Available data:
%%

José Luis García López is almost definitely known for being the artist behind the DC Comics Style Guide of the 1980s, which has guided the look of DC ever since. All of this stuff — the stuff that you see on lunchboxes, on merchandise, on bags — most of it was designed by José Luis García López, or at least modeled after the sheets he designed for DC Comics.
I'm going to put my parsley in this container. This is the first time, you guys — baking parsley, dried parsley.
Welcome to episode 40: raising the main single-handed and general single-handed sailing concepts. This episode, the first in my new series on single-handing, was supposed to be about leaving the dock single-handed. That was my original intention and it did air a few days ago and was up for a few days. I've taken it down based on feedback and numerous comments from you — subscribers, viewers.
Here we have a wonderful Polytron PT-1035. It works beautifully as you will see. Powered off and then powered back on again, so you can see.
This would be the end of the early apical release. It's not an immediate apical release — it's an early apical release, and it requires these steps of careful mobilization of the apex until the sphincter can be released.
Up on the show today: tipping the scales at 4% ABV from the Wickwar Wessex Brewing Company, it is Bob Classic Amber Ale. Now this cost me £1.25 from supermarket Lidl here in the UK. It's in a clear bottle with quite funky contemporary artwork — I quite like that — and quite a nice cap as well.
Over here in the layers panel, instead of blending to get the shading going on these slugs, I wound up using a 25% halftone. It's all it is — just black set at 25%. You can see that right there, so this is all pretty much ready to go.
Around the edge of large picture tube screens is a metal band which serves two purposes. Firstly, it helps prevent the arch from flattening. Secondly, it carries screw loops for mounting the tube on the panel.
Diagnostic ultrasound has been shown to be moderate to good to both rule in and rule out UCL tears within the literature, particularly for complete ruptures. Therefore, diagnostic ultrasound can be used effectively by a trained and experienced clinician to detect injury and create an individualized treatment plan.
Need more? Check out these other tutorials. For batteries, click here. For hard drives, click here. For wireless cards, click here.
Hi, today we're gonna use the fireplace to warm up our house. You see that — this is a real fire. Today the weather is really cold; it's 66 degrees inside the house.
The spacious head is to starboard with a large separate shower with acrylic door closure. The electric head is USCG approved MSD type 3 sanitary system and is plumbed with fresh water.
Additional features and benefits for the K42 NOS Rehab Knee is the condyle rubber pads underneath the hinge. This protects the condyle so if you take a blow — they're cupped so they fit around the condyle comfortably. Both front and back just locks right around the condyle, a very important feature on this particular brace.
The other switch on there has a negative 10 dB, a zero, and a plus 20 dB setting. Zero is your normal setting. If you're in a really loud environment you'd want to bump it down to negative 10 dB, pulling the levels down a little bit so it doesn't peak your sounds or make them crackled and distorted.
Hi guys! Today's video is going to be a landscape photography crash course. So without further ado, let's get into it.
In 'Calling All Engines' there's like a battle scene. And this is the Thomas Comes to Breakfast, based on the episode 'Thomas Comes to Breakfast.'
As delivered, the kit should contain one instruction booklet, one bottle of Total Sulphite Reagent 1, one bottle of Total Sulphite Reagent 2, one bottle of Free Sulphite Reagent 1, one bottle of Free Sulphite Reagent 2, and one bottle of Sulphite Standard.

%%

Copy the entries above exactly, but only from the line holding "Welcome to episode" through the line holding "Here we have", both included.

Expected output:
Welcome to episode 40: raising the main single-handed and general single-handed sailing concepts. This episode, the first in my new series on single-handing, was supposed to be about leaving the dock single-handed. That was my original intention and it did air a few days ago and was up for a few days. I've taken it down based on feedback and numerous comments from you — subscribers, viewers.
Here we have a wonderful Polytron PT-1035. It works beautifully as you will see. Powered off and then powered back on again, so you can see.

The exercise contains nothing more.